Below are several entries. Transcribe exactly those lines that fall from the one with "justin_payn14 online show" through the one with "Au Moulin Du Comte - En *", end lines included.
-- RECORD EXCERPTS follows --
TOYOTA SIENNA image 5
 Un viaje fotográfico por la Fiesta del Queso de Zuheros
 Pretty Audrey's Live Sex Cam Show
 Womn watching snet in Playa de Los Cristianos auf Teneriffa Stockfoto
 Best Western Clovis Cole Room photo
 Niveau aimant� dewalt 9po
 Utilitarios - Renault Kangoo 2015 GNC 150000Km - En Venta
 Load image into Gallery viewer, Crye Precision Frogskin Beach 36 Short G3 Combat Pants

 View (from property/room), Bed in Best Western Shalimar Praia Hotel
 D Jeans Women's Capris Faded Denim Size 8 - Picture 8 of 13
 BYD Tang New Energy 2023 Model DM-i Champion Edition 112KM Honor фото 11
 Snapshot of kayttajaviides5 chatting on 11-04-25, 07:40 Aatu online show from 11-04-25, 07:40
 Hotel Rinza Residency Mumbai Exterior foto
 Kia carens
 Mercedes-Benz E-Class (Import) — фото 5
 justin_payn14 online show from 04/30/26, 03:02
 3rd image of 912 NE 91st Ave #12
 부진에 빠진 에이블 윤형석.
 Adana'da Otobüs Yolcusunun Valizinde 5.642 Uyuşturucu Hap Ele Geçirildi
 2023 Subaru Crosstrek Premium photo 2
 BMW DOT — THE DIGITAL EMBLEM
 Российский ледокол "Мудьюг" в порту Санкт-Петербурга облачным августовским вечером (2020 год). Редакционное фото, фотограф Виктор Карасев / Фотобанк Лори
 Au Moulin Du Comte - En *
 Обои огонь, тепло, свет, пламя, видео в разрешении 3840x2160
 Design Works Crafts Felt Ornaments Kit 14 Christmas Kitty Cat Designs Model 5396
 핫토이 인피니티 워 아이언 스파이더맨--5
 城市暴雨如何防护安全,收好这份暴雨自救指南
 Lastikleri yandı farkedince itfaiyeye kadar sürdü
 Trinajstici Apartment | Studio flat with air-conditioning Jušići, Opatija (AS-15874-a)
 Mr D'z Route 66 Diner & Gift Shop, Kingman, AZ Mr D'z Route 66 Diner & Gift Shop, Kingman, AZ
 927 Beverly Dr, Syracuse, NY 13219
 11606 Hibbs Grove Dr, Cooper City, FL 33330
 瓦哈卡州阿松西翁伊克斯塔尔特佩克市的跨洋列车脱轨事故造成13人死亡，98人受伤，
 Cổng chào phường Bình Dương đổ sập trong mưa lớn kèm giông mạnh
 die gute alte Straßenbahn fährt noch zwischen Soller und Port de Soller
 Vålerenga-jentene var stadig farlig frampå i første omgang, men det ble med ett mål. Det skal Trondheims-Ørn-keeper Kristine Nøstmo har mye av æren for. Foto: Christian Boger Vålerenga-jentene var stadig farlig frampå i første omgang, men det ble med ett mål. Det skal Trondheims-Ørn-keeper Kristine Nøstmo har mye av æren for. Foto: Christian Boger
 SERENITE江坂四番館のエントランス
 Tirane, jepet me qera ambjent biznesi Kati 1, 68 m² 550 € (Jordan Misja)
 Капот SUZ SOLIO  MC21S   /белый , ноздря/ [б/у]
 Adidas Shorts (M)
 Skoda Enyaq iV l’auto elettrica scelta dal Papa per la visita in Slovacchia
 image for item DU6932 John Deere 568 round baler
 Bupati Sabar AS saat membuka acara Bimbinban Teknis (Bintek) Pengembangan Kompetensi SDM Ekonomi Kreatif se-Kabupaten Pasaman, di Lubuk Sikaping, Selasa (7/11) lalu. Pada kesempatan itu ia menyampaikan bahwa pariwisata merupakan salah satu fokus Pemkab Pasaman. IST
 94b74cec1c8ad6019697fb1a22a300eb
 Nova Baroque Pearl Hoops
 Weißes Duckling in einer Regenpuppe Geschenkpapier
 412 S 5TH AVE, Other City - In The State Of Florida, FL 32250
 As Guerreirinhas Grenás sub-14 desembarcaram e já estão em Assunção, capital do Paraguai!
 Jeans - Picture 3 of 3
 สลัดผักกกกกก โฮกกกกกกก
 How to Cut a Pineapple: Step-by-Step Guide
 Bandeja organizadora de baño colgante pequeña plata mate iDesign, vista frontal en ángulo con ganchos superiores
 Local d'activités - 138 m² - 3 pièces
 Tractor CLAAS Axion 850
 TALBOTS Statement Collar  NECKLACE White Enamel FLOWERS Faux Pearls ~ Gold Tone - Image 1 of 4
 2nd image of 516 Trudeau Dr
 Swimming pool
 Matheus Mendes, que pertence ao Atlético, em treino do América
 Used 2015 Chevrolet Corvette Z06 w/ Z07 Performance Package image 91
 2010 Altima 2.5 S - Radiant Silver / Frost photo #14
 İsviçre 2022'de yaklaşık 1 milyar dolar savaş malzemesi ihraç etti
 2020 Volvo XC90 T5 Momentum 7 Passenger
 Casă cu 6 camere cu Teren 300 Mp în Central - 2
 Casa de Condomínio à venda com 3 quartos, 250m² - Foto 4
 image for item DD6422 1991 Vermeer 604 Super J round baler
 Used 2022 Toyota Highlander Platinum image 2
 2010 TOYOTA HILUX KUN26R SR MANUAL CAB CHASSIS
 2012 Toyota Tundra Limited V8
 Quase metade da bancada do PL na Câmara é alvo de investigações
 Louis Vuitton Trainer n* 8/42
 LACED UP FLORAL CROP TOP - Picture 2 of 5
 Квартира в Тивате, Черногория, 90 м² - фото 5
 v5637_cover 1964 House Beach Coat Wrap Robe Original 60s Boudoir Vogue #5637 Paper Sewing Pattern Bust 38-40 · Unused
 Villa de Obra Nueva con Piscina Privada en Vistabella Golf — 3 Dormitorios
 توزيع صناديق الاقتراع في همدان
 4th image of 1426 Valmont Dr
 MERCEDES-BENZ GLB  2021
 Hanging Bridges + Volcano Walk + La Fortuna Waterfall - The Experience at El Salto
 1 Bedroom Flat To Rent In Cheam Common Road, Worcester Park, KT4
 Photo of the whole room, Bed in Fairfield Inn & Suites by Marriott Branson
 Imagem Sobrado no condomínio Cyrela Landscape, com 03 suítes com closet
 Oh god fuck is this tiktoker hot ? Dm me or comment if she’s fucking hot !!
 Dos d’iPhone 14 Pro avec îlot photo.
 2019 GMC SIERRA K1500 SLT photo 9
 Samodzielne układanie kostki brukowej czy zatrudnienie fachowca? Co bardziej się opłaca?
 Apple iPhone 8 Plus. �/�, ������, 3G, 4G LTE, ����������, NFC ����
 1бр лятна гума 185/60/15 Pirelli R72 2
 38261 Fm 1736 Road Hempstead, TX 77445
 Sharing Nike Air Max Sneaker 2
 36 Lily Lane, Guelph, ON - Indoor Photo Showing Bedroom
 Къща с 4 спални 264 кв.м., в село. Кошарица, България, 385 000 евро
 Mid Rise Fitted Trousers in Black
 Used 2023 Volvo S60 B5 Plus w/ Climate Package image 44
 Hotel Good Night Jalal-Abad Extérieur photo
-- RECORD EXCERPTS concluded --
● **EXERCISE OUTPUT**:
 justin_payn14 online show from 04/30/26, 03:02
 3rd image of 912 NE 91st Ave #12
 부진에 빠진 에이블 윤형석.
 Adana'da Otobüs Yolcusunun Valizinde 5.642 Uyuşturucu Hap Ele Geçirildi
 2023 Subaru Crosstrek Premium photo 2
 BMW DOT — THE DIGITAL EMBLEM
 Российский ледокол "Мудьюг" в порту Санкт-Петербурга облачным августовским вечером (2020 год). Редакционное фото, фотограф Виктор Карасев / Фотобанк Лори
 Au Moulin Du Comte - En *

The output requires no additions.